Problem statement =>
Only one stretch of the listing below is wanted. Give it again exactly, from the line with "Cleo Combat Biker Boots - White" through the line with "21/26x Mini hand".

··· Input

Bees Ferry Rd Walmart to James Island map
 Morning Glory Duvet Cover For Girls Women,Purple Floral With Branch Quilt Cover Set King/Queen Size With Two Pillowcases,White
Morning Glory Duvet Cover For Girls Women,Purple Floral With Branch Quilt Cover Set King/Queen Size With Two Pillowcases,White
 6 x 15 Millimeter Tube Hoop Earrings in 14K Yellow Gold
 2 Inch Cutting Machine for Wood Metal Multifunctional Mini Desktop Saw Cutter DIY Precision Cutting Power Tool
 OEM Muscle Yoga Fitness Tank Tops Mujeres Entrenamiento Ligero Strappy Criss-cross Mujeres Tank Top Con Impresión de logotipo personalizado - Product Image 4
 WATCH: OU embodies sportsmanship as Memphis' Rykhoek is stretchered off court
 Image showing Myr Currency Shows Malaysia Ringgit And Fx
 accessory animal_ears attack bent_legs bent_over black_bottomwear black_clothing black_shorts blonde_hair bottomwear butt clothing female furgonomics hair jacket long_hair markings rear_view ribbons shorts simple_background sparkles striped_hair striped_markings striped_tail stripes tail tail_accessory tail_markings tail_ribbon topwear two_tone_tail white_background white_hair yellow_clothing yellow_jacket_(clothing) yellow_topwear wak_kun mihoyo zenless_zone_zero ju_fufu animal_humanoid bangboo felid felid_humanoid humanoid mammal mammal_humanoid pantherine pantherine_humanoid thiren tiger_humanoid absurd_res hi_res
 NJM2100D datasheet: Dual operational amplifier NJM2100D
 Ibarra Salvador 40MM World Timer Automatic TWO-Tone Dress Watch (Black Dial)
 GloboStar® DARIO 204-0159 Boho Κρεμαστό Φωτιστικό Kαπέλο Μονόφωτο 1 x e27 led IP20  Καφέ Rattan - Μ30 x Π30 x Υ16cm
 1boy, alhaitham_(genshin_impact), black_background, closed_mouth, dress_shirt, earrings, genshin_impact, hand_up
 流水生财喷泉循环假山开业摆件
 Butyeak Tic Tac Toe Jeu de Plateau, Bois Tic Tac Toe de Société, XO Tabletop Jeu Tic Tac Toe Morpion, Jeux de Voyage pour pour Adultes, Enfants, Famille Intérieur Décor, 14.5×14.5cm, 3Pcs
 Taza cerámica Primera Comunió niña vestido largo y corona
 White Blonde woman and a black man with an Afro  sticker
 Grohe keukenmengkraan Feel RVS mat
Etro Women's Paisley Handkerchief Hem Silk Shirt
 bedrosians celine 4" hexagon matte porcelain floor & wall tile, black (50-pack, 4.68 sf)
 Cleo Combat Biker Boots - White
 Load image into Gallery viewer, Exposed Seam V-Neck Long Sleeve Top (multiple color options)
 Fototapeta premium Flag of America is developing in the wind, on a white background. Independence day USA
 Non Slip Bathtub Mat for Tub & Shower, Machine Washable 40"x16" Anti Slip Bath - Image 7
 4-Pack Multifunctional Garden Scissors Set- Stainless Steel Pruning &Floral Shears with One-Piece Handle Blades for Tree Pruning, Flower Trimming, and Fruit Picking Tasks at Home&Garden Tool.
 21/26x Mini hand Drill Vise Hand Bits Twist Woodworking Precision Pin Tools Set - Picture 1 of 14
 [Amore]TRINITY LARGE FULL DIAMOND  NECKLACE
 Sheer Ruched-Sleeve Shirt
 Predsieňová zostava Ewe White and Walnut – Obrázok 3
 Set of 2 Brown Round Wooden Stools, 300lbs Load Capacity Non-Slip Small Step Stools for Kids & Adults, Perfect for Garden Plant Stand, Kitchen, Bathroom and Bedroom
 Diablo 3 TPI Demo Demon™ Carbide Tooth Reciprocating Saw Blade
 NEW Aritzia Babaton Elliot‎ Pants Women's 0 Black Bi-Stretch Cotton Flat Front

······

Response to this exercise =>
 Cleo Combat Biker Boots - White
 Load image into Gallery viewer, Exposed Seam V-Neck Long Sleeve Top (multiple color options)
 Fototapeta premium Flag of America is developing in the wind, on a white background. Independence day USA
 Non Slip Bathtub Mat for Tub & Shower, Machine Washable 40"x16" Anti Slip Bath - Image 7
 4-Pack Multifunctional Garden Scissors Set- Stainless Steel Pruning &Floral Shears with One-Piece Handle Blades for Tree Pruning, Flower Trimming, and Fruit Picking Tasks at Home&Garden Tool.
 21/26x Mini hand Drill Vise Hand Bits Twist Woodworking Precision Pin Tools Set - Picture 1 of 14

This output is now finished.